Coffman’s Record Conflicts With Desperate Election Year Pandering to Latinos; Constituents Know It’s Too Little, Too Late
A new piece from the New York Times’ Emmarie Huetteman traces Rep. Mike Coffman’s shameless demographic pandering as he campaigns to keep his seat in Congress.
The article examines Mike Coffman political shift from introducing legislation in 2011, to repealing portions of the 1973 Voting Rights Act so that county clerks would be required to provide ballots and other election materials only in English,to fully embracing Spanish-language telenovelas.
While Coffman claims his pivot is the result of hearing ‘stories’ from his constituents, the truth is Rep. Coffman has always had immigrants in his district. He simply ignored and even disenfranchised them when it was to his political advantage.
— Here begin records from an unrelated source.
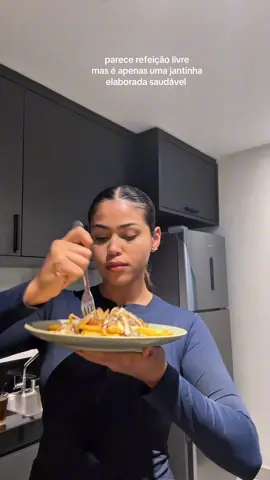 Isso aqui é um espetáculo!  dá para adaptar tanto para o ganho de massa quanto para a perda de gordura.  para o molho foi usado 1 ovo cozido , 1 pote de iogurte desnatado , 30g do requeijão sabor cheddar, coloquei sal, orégano e páprica. A cebola só deixei ir fritando e adicionando agua aos poucos , ela iam caramelizando com o próprio fundo queimado. Macros para uma porção com 110g de batata, 100g de carne moida e um pouco menos de meia porção do molho.  Kcal: 389,61 Prot. 27,99g Carb. 21g, Gord. 9,5g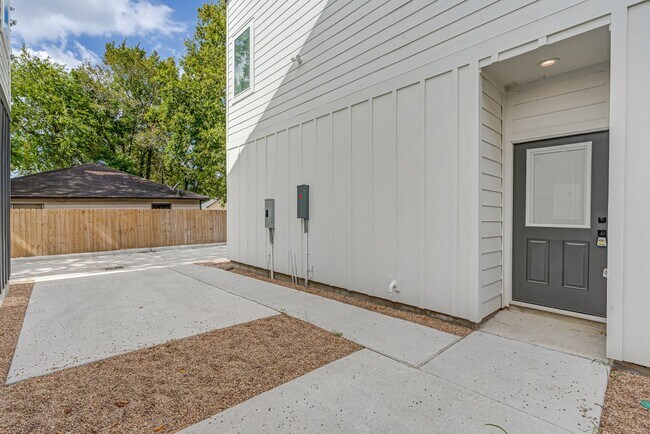 Building Photo - 5105 Mallow St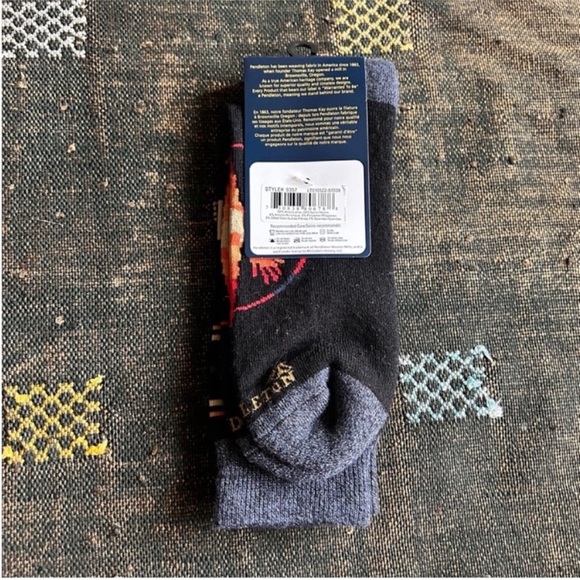 Pendleton Socks - Picture 3 of 5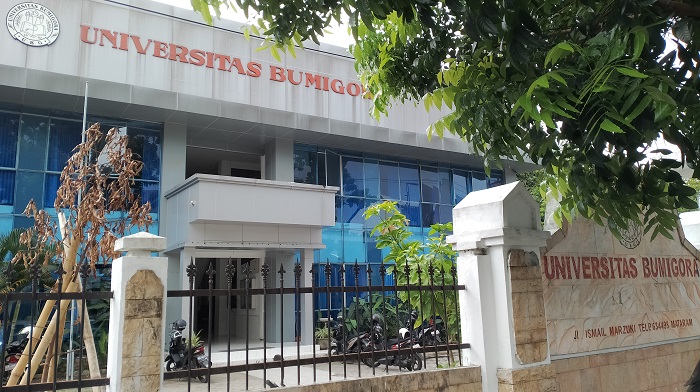Tampak depan gedung kampus Bumigora Mataram.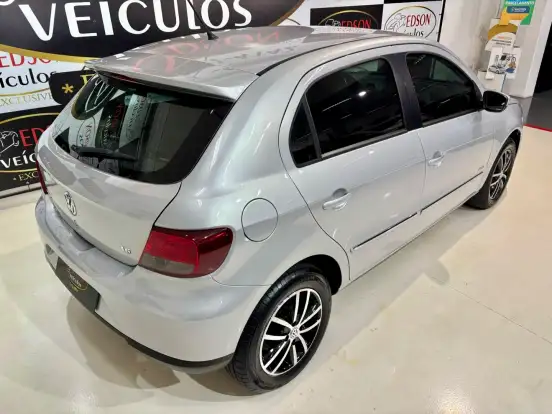 VOLKSWAGEN-GOL-1.6 MI POWER 8V FLEX 4P MANUAL G.V VOLKSWAGEN-GOL-2009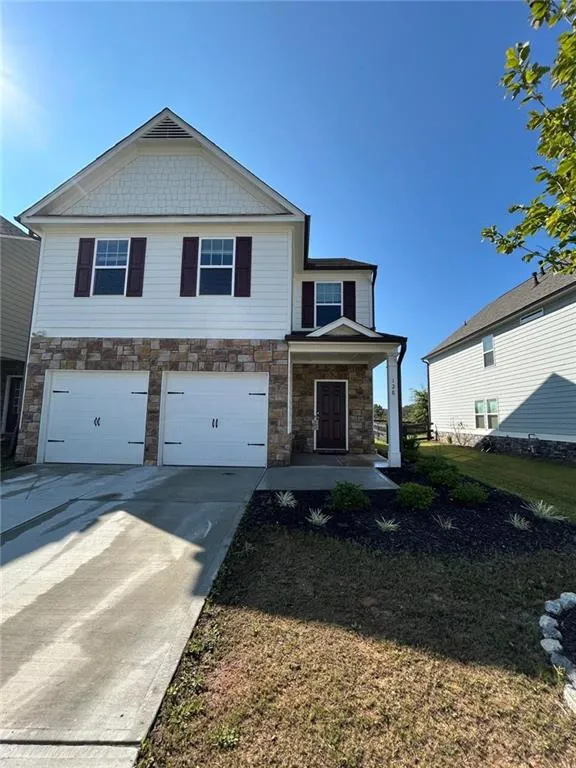 128 Briarwood Drive E Dawsonville, GA 30534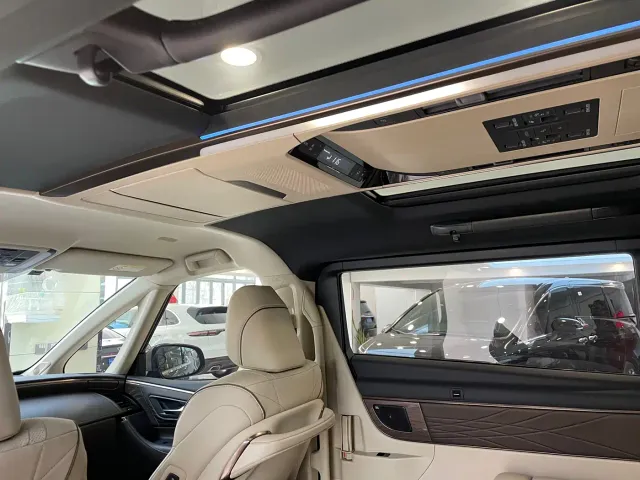 Toyota Vellfire — Фото автомобиля 14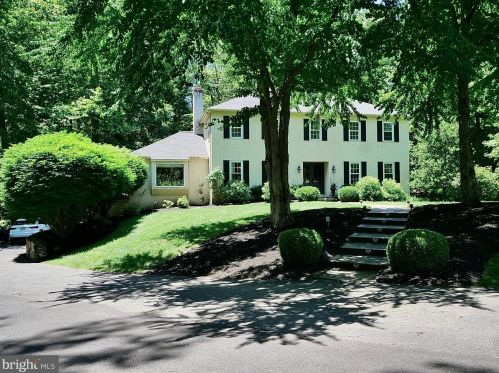 12 Michele Dr, Media, PA 19063-1029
For example, in 2011, while telling Spanish-speaking Latinos to “pull out a dictionary” at the polls, there were nearly 70,000 Latinos living in his district. After redistricting in 2011, the number of Latinos in Coffman’s district nearly doubled, up from 8% to 20%, while the number of white voters dropped from 87% in his old district to 76% under the current congressional map.
Now faced with Donald Trump’s rapidly plunging poll numbers – particularly among Latinos – Coffman is attempting to distance himself from both his prior anti-immigrant voting record and from the Republican nominee.
Alvina Vasquez, State Director of Colorado’s Voice, said “Mike Coffman’s voting record can’t be districted. His district lines may have changed, but his voting record remains constant. Latino and immigrant voters aren’t looking for politicians to stand with them when it’s politically advantageous. They’re looking for leaders who will do what’s right, not just what’s popular.”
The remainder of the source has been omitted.